For people in the sales and marketing departments, the power to persuade others and negotiate a way out of a potential stalemate or deadlock are qualities that are constantly in bed with them. 

Being able to clearly, concisely and passionately communicate your point either verbally or in writing, without compromising the logic and reason of the argument, avoiding the risk of crossing the red line and going into coercion in one’s efforts to persuade customers, co-workers or third party agencies with whom the company has transactions, will always be demanded of everybody in the company, irrespective of one’s department. 

Even though personnel in some departments are expected to display large doses of the qualities of persuasion and negotiation better, practically every personnel who wishes to get ahead in their career need to cultivate these talents. 

If you are a middle-level personnel in R&D department of the company, a day may come when you will need to persuade someone, convince them to cross to your side of the divide; you may need to negotiate a wage increase with your boss, try to convince your supervisor to okay your request to be afforded an opportunity to take advantage of a short training programme, to lead a new laboratory that is about to be inaugurated in a region, to put you on a plane to go head a subsidiary, and finally when your job is at stake, you need to persuade your boss that your continued stay with the company is a better bet than your expulsion. 

In all of the above situations, you will need to fall on your powers of persuasion and negotiation in order to get along.

Standing out in the whole subsidiary as the last resort when all have failed in resolving a deadlock is a smart way of getting along in one’s career. If by accomplishing one feat after another, you distinguish yourself as that person with the remarkable talents for calming genuinely aggrieved, important customers or third party agencies, your way up the corporate hill is likely to be fraught with less challenges than your counterpart who is not as talented along the lines of persuasion and negotiation as you are. 

When a situation with the potential to set the heart of the whole company throbbing occurs, the personnel whose name and image first pops up in the mind of the company will be a more valuable asset to the business than the MBA-holder even if the former come from below the ranks. 

If a highly dissatisfied first-tier dealer is threatening severing all business relationship with your company and taking her account to the competitor, a situation like this is capable of freezing the blood in the veins of even your bosses.  

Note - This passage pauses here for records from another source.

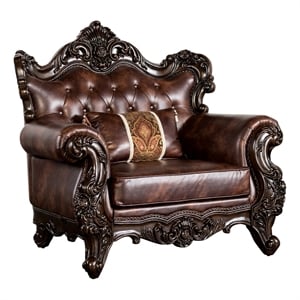 Furniture of America Coppen Faux Leather Tufted Arm Chair in Light Brown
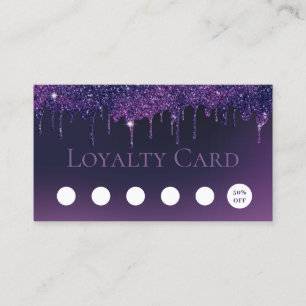 Purple Glitter Drips Beauty Salon & Spa Loyalty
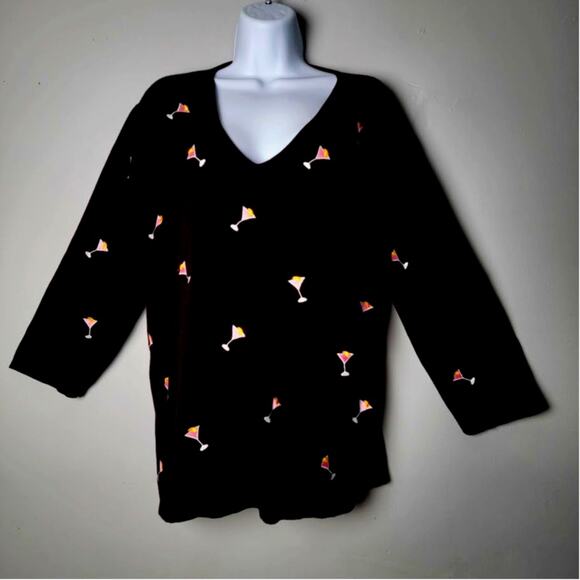 Alexander Bartlett 1X Black Top Tequila Sunrise Embroidered Cotton Boho Resort - Picture 1 of 10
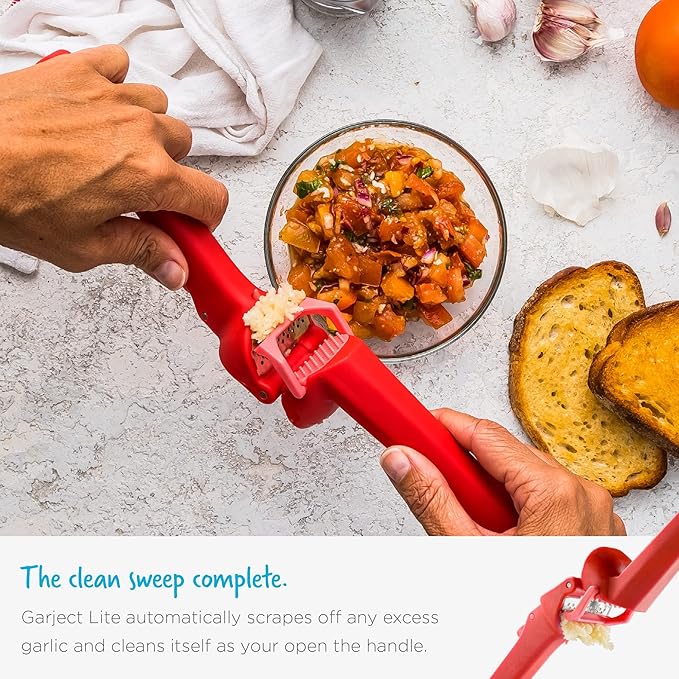 Dreamfarm Garject Lite 2-In-1 Garlic Peeler, Garlic Press & Mincer with Garlic Peel Ejector, Nylon - Black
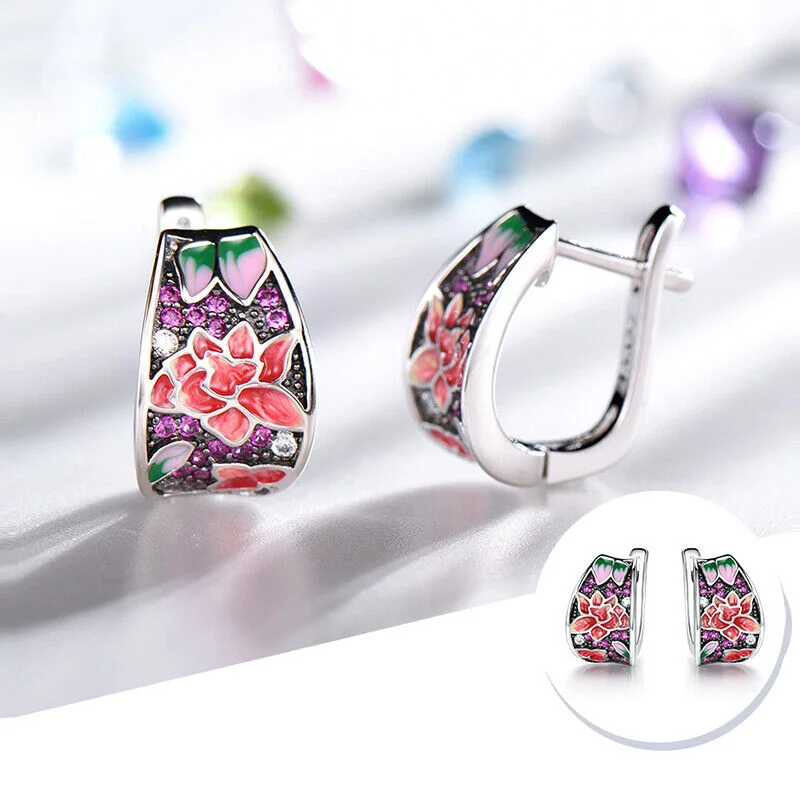 

Pretty 925 Silver Cubic Zircon Women Ear Stud Hoop Earrings Wedding Jewelry Gift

The staff who figures out how to negotiate this dealer out of her initial position and persuades them to rescind the earlier decision is clearly an asset more valuable to the FMCG manufacturer than the designer-suit-clad senior managers who are clueless as to how to deal with the irate dealer. A personnel like this will move up much faster than the soft skills deficient MBA.

If the average Ghanaian is confronted with an option of choosing between taking a second degree and sharpening her persuasive skills, chances are high that the Ghanaian will bet her fortunes on an MBA certificate. 

As much as an MBA degree may teach one to look outside the box and get them wearing the most expensive suits, except where the opportunities inside the box have been exhausted, those with abundant amounts of persuasive and negotiation skills with a less advanced certificate may out-compete your advanced certificates and you. 

By the time the company is set to wrestle with the opportunities outside the box, your MBA may be too old, and you, too weary. 

Going back to school should not be the first option for a resident HR director or the remedies of a consultant paid to doll out little but game-changer pieces of advice to a company faced with human resource challenge. 

Taking time to understand the true needs of the company delivers more miracles than rushing to pick GIMPA or KNUST Business School application forms for the client. A staff deficient in key soft-skills may go back to add another degree and still be as clueless and unproductive as they were before going to school. 

Except where in the course of studies the beneficiary stumbles into subjects that awaken them from their lazy slumber and pushes them to invest their energies in sharpening their soft skills, the new advanced degree will only make of the person an advanced liability and the HR may still have to contend with mediocre staff brandishing some of the most advanced certificates.